For real-world data, we recently proposed using the variation between the predictions of a neural network ensemble to measure the impact of model misspecification. It would be interesting to see whether adding noise to your model reduces the sensitivity induced by misspecification by improving the reliability of the networks.
Hi Elseml,
Thanks for your reply. It is true that adding the noise to the observations makes the inference more difficult. My training data is (x, y), x are parameters, y are observations. The neural network performs well for posterior approximate given the new y*. However, if I add the noise to y*, such as y*+noise, since the true observations always contain noise, the performance degenerates. I guess it is caused by that the training data does not include any noise, or we call it model misspecification, as y in training data differs from (y*+noise).
I found one paper "Noise-Net: Determining physical properties of Hii regions reflecting observational uncertainties’. This paper implements noise training that considers noise during cINN training based on Soft Flow. I found the BayesFlow framework has the option of soft flow for inference network. But the cINN with soft flow works on perturbing x not observations, such as x+noise and concatenate y and noise [y, noise]. Do I understand right? If I am right, the part of soft flow in BayesFlow should be modified as below if I want to train noise-net like the paper:
Perturb data with noise (will broadcast to all dimensions) (we should not perturb x)

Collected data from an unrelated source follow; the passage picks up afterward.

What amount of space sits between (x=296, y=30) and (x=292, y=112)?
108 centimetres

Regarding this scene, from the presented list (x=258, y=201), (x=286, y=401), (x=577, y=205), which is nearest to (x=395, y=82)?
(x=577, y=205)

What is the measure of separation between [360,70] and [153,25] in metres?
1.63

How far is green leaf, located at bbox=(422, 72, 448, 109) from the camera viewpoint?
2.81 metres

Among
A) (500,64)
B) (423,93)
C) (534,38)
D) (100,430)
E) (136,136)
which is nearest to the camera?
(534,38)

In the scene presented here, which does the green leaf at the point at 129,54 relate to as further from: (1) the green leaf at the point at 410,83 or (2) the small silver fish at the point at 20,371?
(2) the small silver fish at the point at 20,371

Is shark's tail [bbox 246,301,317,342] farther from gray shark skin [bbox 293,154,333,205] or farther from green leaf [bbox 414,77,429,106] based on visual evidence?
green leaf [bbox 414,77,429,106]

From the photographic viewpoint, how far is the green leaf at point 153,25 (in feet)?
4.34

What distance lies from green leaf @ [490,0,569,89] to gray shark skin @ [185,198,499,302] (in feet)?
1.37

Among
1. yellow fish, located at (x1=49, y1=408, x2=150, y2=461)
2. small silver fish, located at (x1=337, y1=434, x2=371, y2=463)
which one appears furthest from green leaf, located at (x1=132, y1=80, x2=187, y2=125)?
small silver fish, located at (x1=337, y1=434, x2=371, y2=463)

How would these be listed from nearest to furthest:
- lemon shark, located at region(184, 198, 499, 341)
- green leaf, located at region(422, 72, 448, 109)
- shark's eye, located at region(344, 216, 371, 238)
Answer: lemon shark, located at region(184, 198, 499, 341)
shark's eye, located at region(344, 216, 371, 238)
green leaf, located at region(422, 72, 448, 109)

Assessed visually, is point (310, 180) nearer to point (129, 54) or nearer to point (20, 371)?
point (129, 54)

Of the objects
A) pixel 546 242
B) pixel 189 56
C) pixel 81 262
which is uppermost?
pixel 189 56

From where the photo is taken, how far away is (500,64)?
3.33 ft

if len(shape_scale) == 2 and len(target_shape) == 3:
targets += tf.expand_dims(noise_scale, axis=1) * 0
else:
targets += noise_scale *0
Augment condition with noise scale variate (we should perturb the condition with noise)
I don’t think you need softflow in this case. As you said, softflow acts on the parameter domain and not on the data domain. Adding noise during training is independent of softflow.
re noise during workflow:
Where in the data flow are you currently adding the noise? My naĂŻve take would be to add the noise in the configurator.
Hi Marvin,
Thank you very much for the suggestions. You are right, the soft flow perturbs parameter domain by adding noise to X, not acting on observation Y.

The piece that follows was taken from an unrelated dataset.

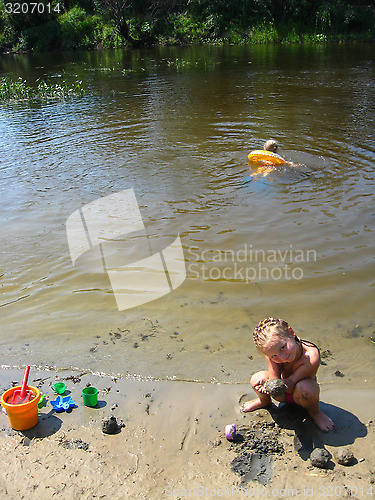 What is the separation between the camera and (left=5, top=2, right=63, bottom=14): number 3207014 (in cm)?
4016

I have tried to directly add the noise to training data (all training data are available on hand), then trained BayesFlow on those noisy training data (as you said, adding noise to configurator). But the model performance is bad.
What I want to do is we can perturb the Y similar as soft flow, as the paper does (Noise-Net: determining physical properties of H ii regions reflecting observational uncertainties | Monthly Notices of the Royal Astronomical Society | Oxford Academic). So I modify the code of soft flow part in BayesFlow as:
not perturb x in soft flow
if len(shape_scale) == 2 and len(target_shape) == 3:
targets += tf.expand_dims(noise_scale, axis=1) * 0
else:
targets += noise_scale *0
Thanks for clarifying. Where exactly are you doing the condition +=noise_scale * tf.random.normal(shape=condition_shape) part? I don’t see why you would need to modify “the softflow part”.
Yes, you are right. Actually, it is nothing about softflow part. I just sampled error from uniform distribution, then added error to the observation. This process iterates during the training. I trained a model like this, the model now perfoms very stably under different noise level.